*** DATA SEGMENT

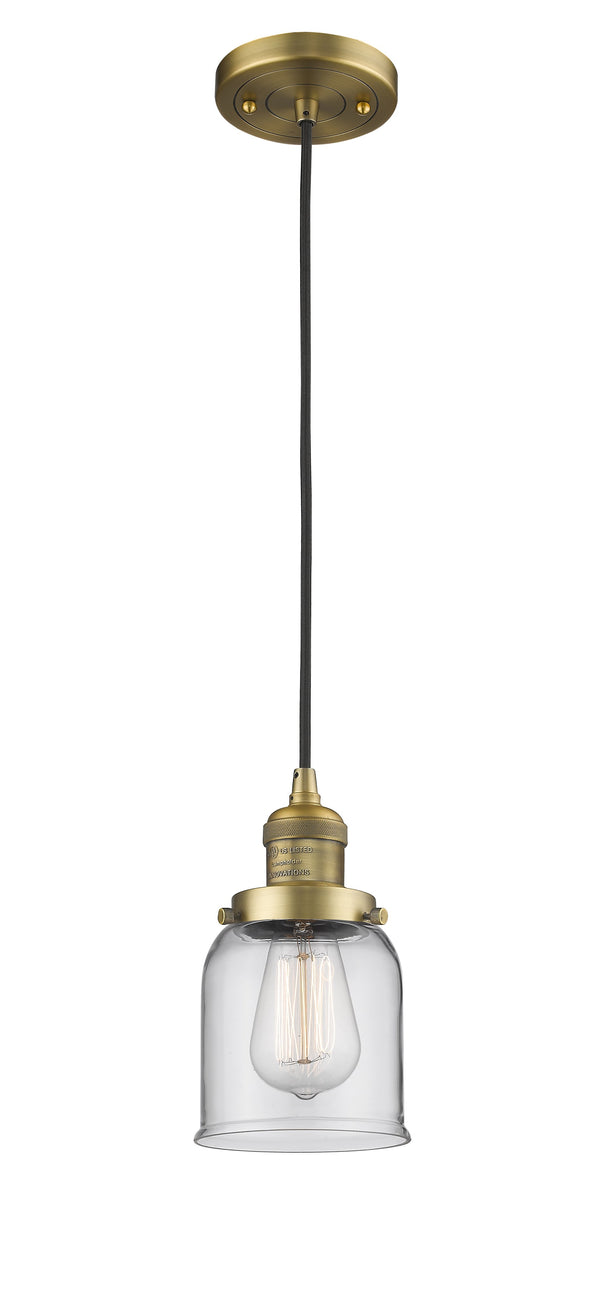 Innovations Lighting Small Bell 1-100 watt 5 inch Brushed Brass Mini Pendant  Clear glass 201CBBG52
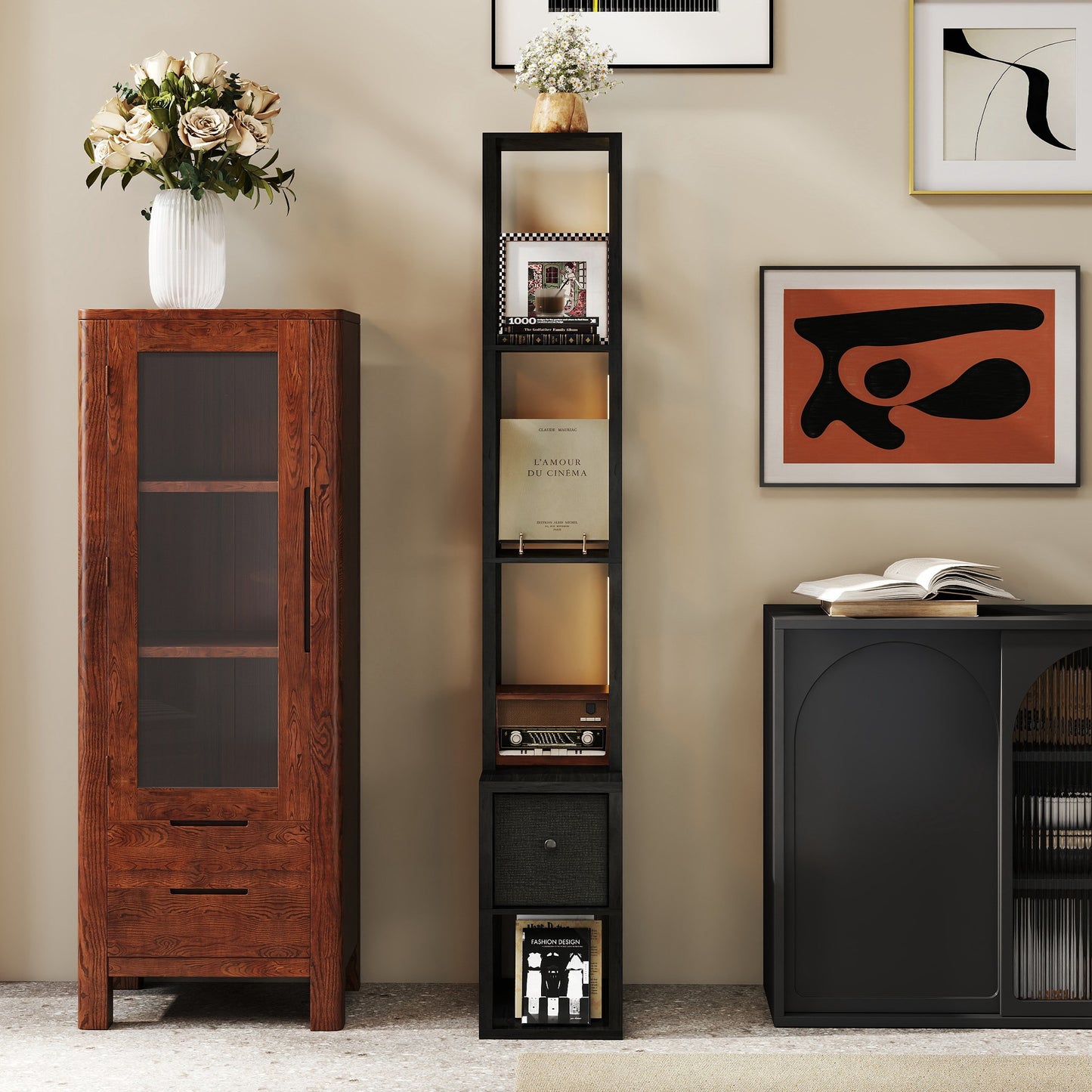 Floor Lamp with Shelves, LED Column Modern Standing Lamp with Fabric Drawer, Adjustable Brightness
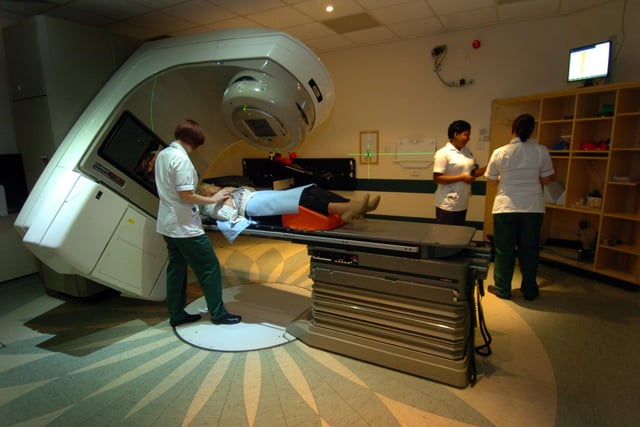 Cancer patient receiving radiotherapy at Weston Park Hospital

******

§ YOUR ASSIGNMENT:
Quote precisely the lines of the data from the line containing "Floor Lamp with" through its final line, both included, excluding pictures.

§ OUTPUT OF THE TASK:
 Floor Lamp with Shelves, LED Column Modern Standing Lamp with Fabric Drawer, Adjustable Brightness
 Cancer patient receiving radiotherapy at Weston Park Hospital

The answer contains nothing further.